The arithmetic is stark: a request that costs $10 per million input tokens on Fable 5 costs $0.80 on Haiku — a 12.5× difference. If 1 million requests per day at 750 tokens average all flow to Fable 5, you are paying roughly $7,500 per day in input costs alone. Route 70% of that same traffic to Haiku and the input cost for that share drops to $420. The routing decision is not a nuance; it is the largest single lever available at the API layer.
The routing principle is simple: send each request to the cheapest model that still passes your quality bar. The engineering challenge is deciding what "passes quality" means and measuring it reliably. Here is a starting-point routing function in Python that uses task type and query length as heuristics — adequate for many teams and easy to instrument before you replace it with a classifier.
def route_model(query: str, task_type: str) -> str:
"""
Heuristic model router — replace with a fine-tuned classifier in production.
Returns an Anthropic model ID for the cheapest tier that should handle this query.
"""
if task_type == "classification" or len(query) < 200:
# Short, well-defined tasks: budget tier
return "claude-haiku-4-5-20251001"
elif task_type == "coding" or "explain" in query.lower():
# Structured reasoning and explanation: mid tier
return "claude-sonnet-4-6"
elif task_type == "complex_reasoning":
# Hard analysis requiring depth: upper-mid tier
return "claude-opus-4-8"
else:
# Frontier tasks only — default is intentionally conservative
return "claude-fable-5"
A production routing layer will be more sophisticated: a lightweight classifier (possibly Haiku itself) that scores each incoming query for complexity, a model registry that maps scores to model IDs, and a shadow evaluation pipeline that compares routed answers to a frontier baseline on a held-out set. The heuristic above is a safe starting point. Do not widen your budget tier faster than your evaluation data proves it is safe — a 5% quality regression from over-routing is likely to cost far more than the API saving that triggered it.
The table below frames the routing decision across the four dimensions that matter in practice.

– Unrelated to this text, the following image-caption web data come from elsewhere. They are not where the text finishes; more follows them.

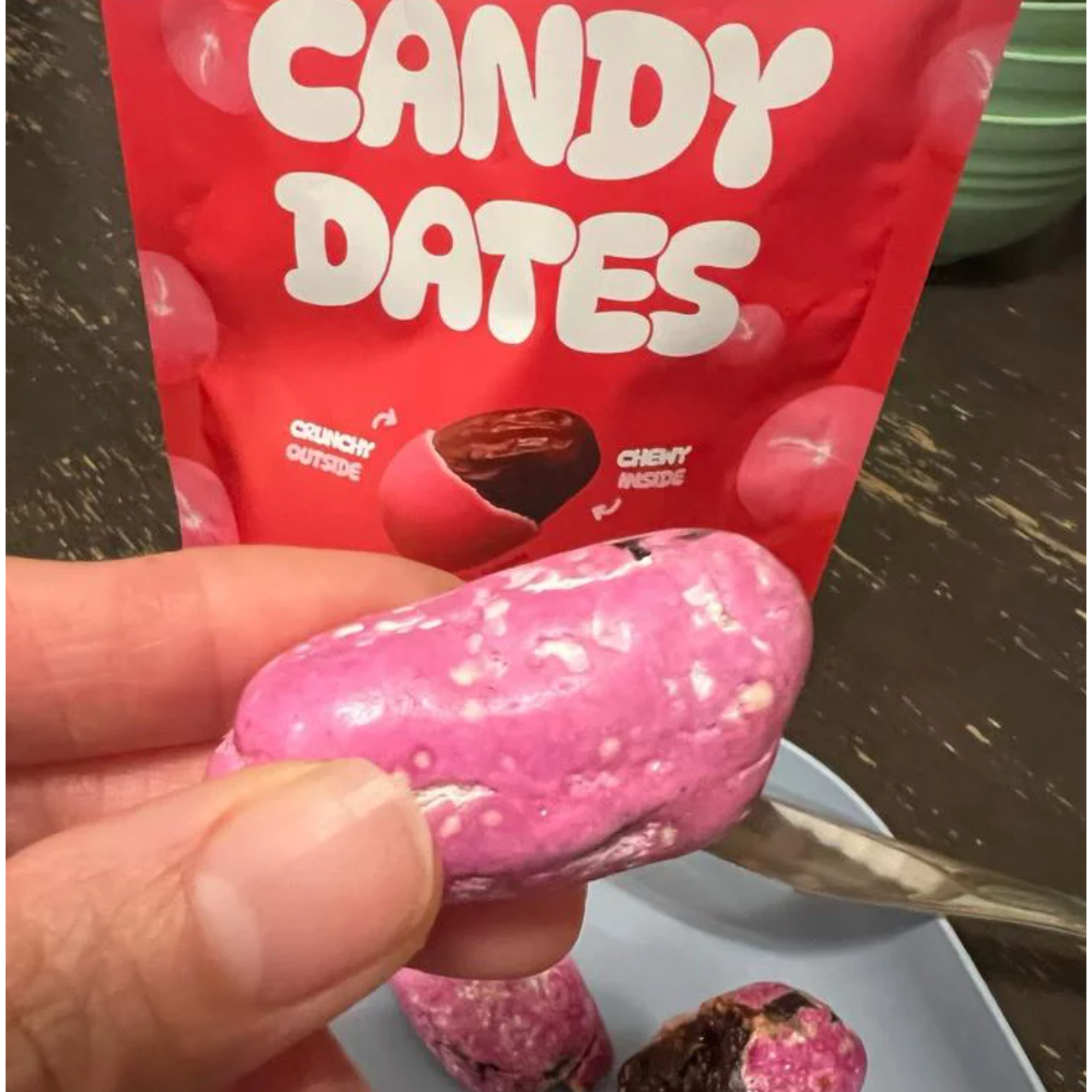Smood Sweets Fizzy Bubble Gum Dates 100 g
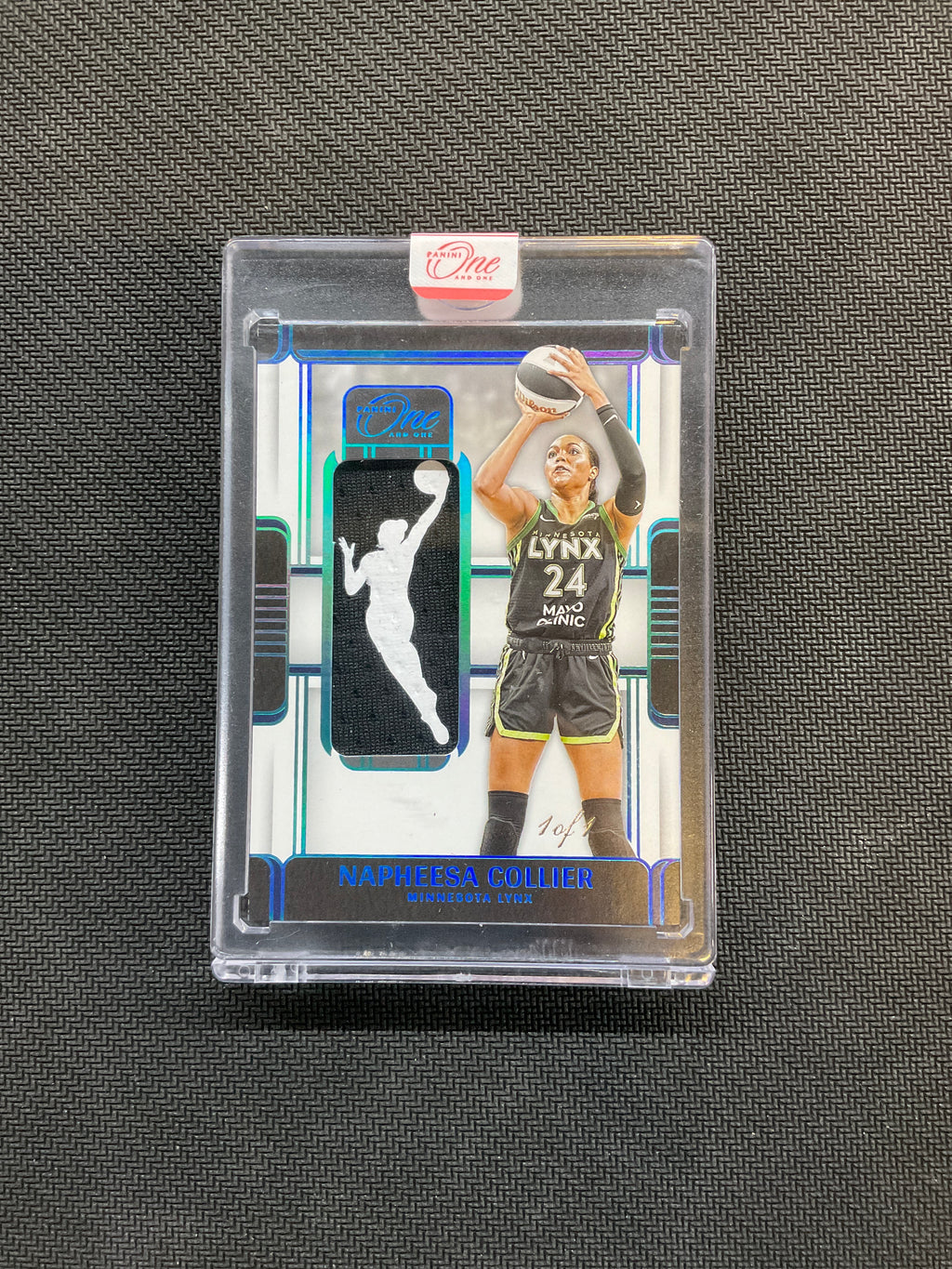2025 Panini One And One Napheesa Collier Patch 1/1 WNBA Logo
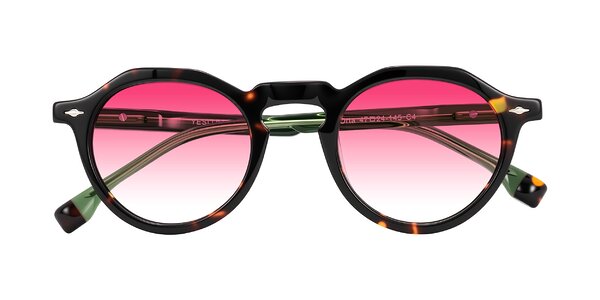 Front of Orta in Tortoise/Green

| Query complexity | Latency budget | Quality requirement | Recommended model |
|---|---|---|---|
| Low (classification, short generation) | Tight (<300 ms) | Functional | Haiku 4.5 |
| Medium (explanation, coding, structured extraction) | Moderate (300–2 000 ms) | High | Sonnet 4.6 |
| High (nuanced analysis, long documents) | Flexible (2–10 s) | Very high | Opus 4.8 |
| Frontier (complex agents, creative synthesis) | Flexible (5–30 s) | Maximum | Fable 5 |
Semantic Caching — Skip the API Call Entirely
Semantic caching is one of the most impactful and most commonly misunderstood optimisations in the LLM cost toolkit. It is frequently confused with Anthropic's prompt caching — they are not the same thing, and understanding the difference determines where each is worth implementing.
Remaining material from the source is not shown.